Patrick Martens

Belastingparadijs België

Cijfers over buitenlandse investeringen in ons land tonen aan hoe grote, internationale ondernemingen fiscaal gepamperd worden.

Soms gooit het kleine België toch nog eens hoge ogen in internationale vergelijkingen. In haar jaarlijkse World Investment Report (WIR) plaatst de Unctad, de organisatie van de Verenigde Naties voor handel en ontwikkeling, ons land op de vierde rang voor het aantrekken van buitenlandse investeringen in 2010. België (62 miljard dollar) moet alleen de Verenigde Staten (228 miljard dollar), China (106 miljard dollar) en Hongkong (69 miljard dollar) laten voorgaan. In het vorige WIR stond ons land nog op de zeventiende plaats.

Zegt de spectaculaire sprong voorwaarts iets over een piekende aantrekkelijkheid van België voor buitenlandse investeerders? Leidt hij tot een al even forse injectie in onze economie, met een massa nieuwe arbeidsplaatsen tot gevolg? Lang nadenken is echt niet nodig om tweemaal negatief op die vragen te antwoorden. Niet alleen schommelen de WIR-gegevens over ons land daarvoor veel te veel (van 142 miljard dollar in 2008, over nog amper 23 miljard dollar in 2009, tot nu dus weer 62 miljard dollar in 2010). Ze hebben ook in grote mate betrekking op de overname van lokale bedrijven door buitenlandse ondernemingen en niet op nieuwe vestigingen of een activiteitenuitbreiding van een multinational in België.

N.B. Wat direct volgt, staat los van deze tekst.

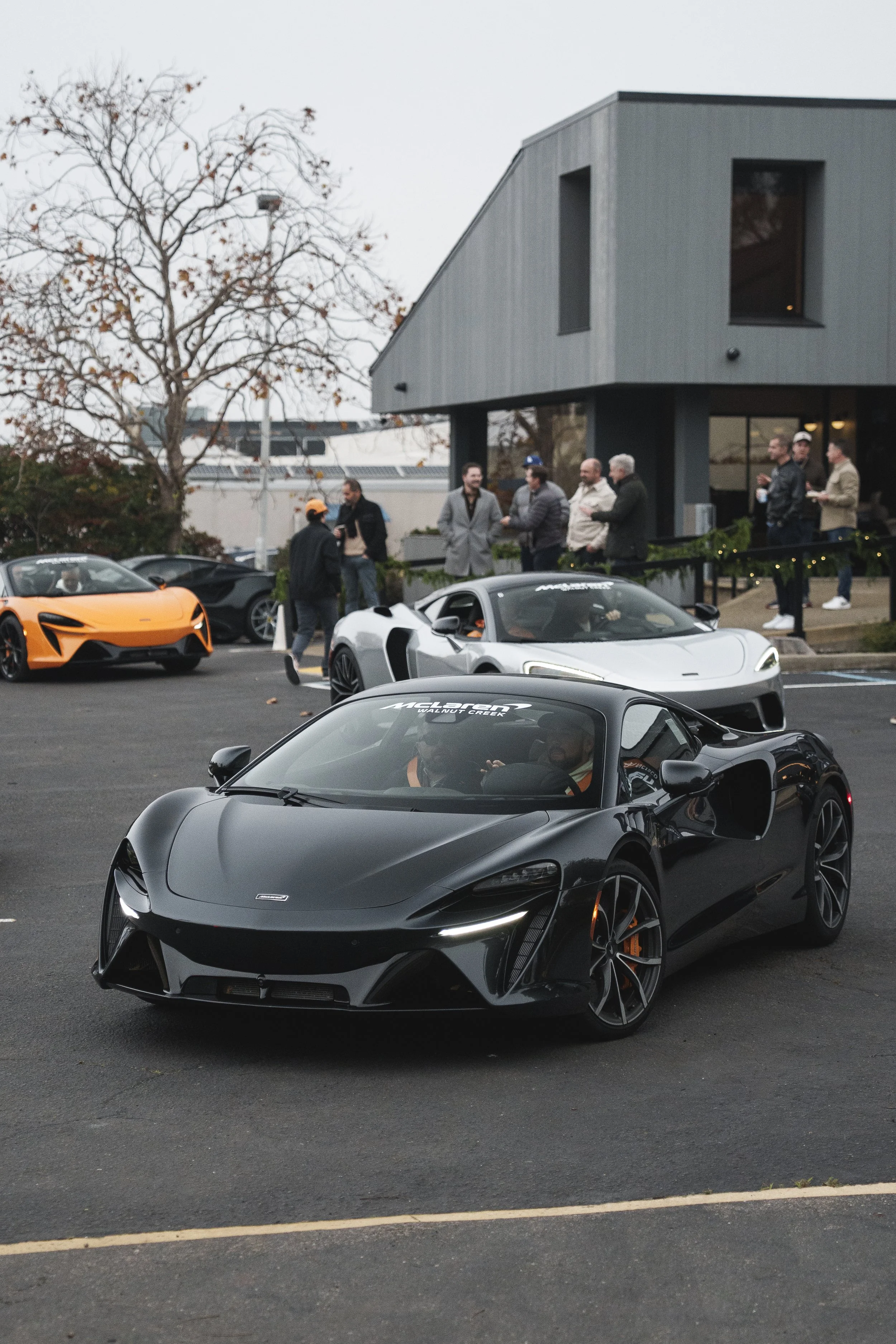 Cars & Breakfast with McLaren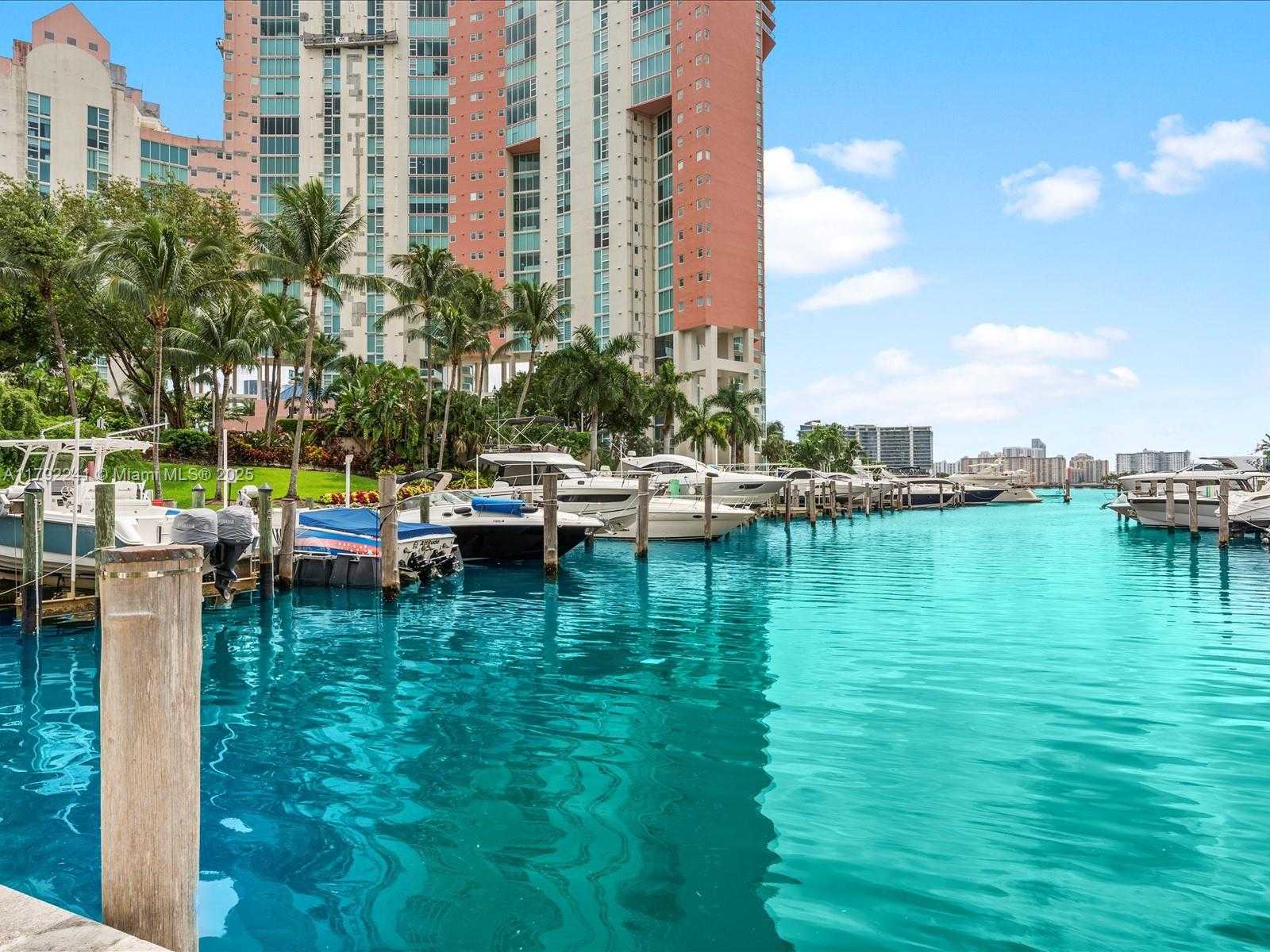 Small Image of 3370 HIDDEN BAY DR #2900, Aventura Number 52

De kapitaalsstromen naar en via ons land geven wel een indicatie van het glijmiddeleffect van minstens twee belangrijke fiscale gunstmaatregelen. Dat zijn op de eerste plaats de coördinatiecentra, die fungeren als financieringsvehikel voor internationale bedrijven (aan dat regime is overigens pas op 31 december 2010 op aandringen van Europa een einde gemaakt). En op de tweede plaats is er de notionele-interestaftrek. Daardoor kunnen vennootschappen niet alleen de interest voor vreemd kapitaal van hun belastbare winst aftrekken, maar mogen ze ook op de inbreng van eigen middelen bij hun aangifte een interestvoet toepassen.

Over die laatste maatregel, die in 2005 door Paars II werd beslist en voor het eerst werd toegepast op de bedrijfsresultaten van 2006, is al veel inkt gevloeid. Zowel de omvang van de notionele-interestaftrek (meer dan 16 miljard euro voor het aanslagjaar 2010) als de bruto fiscale kosten (ruim 5 miljard euro voor datzelfde aanslagjaar) zijn sindsdien tien keer groter geworden dan oorspronkelijk geraamd.

Door een combinatie met andere aftrekposten, zoals de vrijstelling van verkregen dividenden en van meerwaarden, is de effectieve vennootschapsbelasting gedaald tot minder dan 12 procent (tegenover een nominaal tarief van 33,99 procent). Internationale ondernemingen weten daar zelfs gemakkelijk een nultarief van te maken. Voor hen is België een heus belastingparadijs. Zoals Kamerlid Dirk Van der Maelen (SP.A) in Knack aantoont, zorgt een intussen opgebouwd ‘overschot’ van 12 miljard euro aan notionele-interestaftrek dat dit nog wel enige tijd zo zal blijven.

Hoeraberichten over buitenlandse investeringen vertellen dus weinig over de meerwaarde voor de Belgische economie, maar des meer over de grote gaten die ermee in de belastingopbrengsten worden geslagen.